##### Data excerpt #####

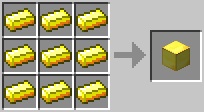 Cách chế tạo ra khối vàng trong minecraft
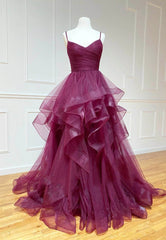 Wedding Color Palette, Purple Tulle Long Prom Dresses, A-Line Formal Evening Dresses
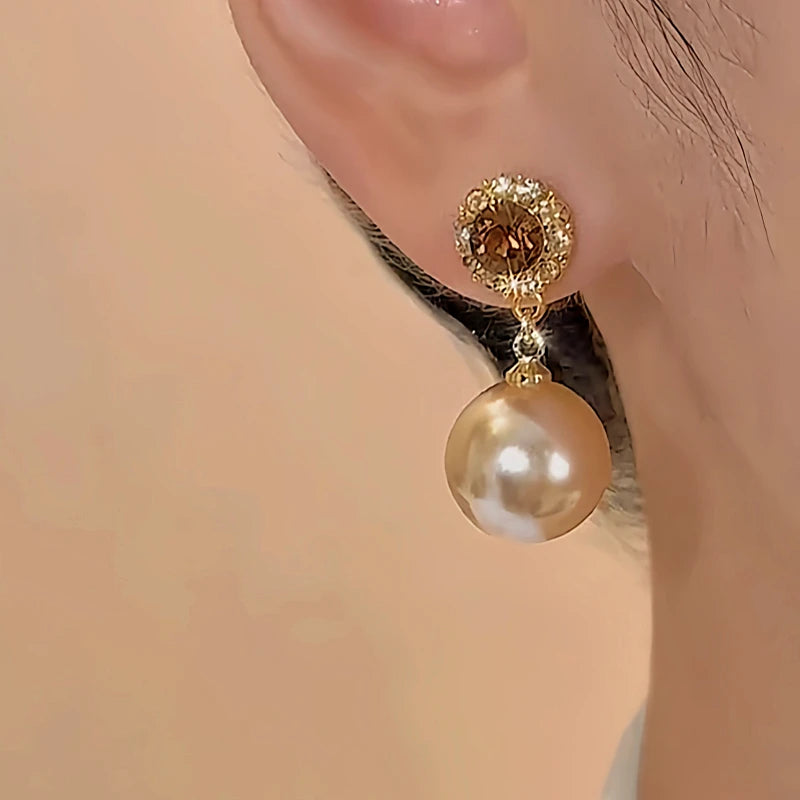 18K Gold-Plated Brown Diamond Pearl Earrings - elegant Pearl Earrings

#####

Directions: Please set the data above down exactly, with the pictures removed.

Finished exercise:
 Cách chế tạo ra khối vàng trong minecraft
 Wedding Color Palette, Purple Tulle Long Prom Dresses, A-Line Formal Evening Dresses
 18K Gold-Plated Brown Diamond Pearl Earrings - elegant Pearl Earrings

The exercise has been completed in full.